The Facebook CEO is in Munich today, expected to welcome tax reform on tech companies in a speech, even if it means his firm has to pay more. On Monday, Zuck will meet with top EU digital authorities two days before they present their plan to rein in US and Chinese tech giants.
Big Tech’s years of flying below the regulatory radar are over. Apple, Microsoft, Amazon, Alphabet, and Facebook are the most valuable publicly traded companies in the world, in that order, worth well over $5 trillion collectively. Now they are being investigated worldwide for anticompetitive practices.
This week, the US Federal Trade Commission ordered these five firms to provide information on their past decade of acquisitions. Meanwhile, Google went to EU General Court to appeal a €2.4 billion (about $2.6 billion) fine imposed on it by Brussels in 2017 for unfairly demoting competitors in shopping searches. In a twist, one judge hearing the company out suggested the fine should have been even higher.
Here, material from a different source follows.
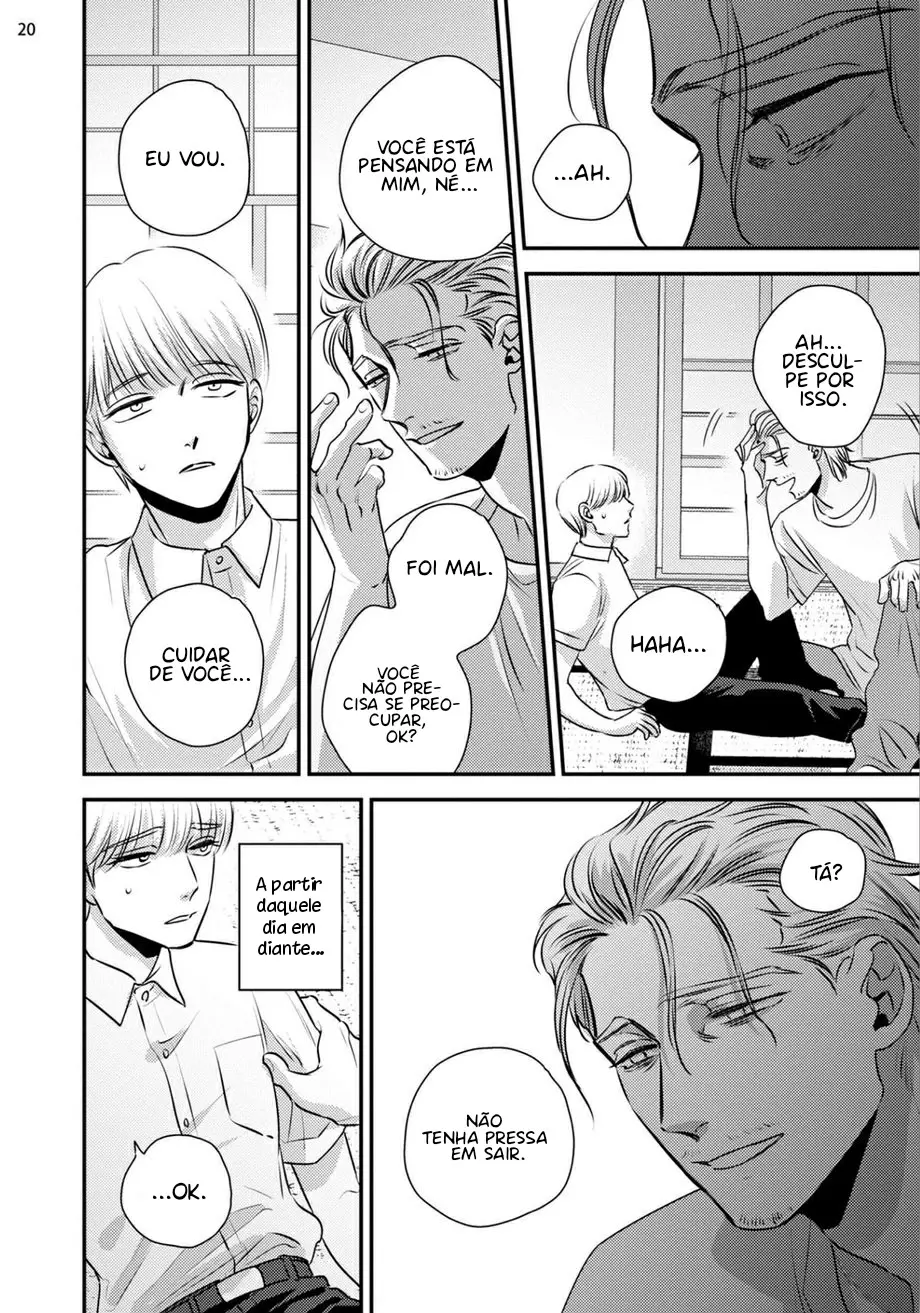 Chou to Hana no Kankeisei – Capítulo 07 Yaoi – Página 24 Chou to Hana no Kankeisei – Capítulo 07 Yaoi – Página 24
While Google is still haggling over the two-year-old fine (equal to just 2.5% of its revenue that year), European regulators have broadly shifted the thrust of their competitive inquiries from rankings to data.
Margrethe Vestager, the EU’s digital and competition chief, is at various stages of examining Amazon, Google, and Facebook for their data practices, including the question of whether these companies use the data they collect from third parties to develop competing products. Vestager and fellow EU commissioner Thierry Breton are expected next week to share details on a so-called digital single market, designed to boost European firms by breaking Big Tech’s viselike grip on the data economy.
What better time, then, for Zuckerberg to pay a visit to Europe? The eyes of Vestager and other global antitrust regulators are on him regardless. He may as well seek an audience.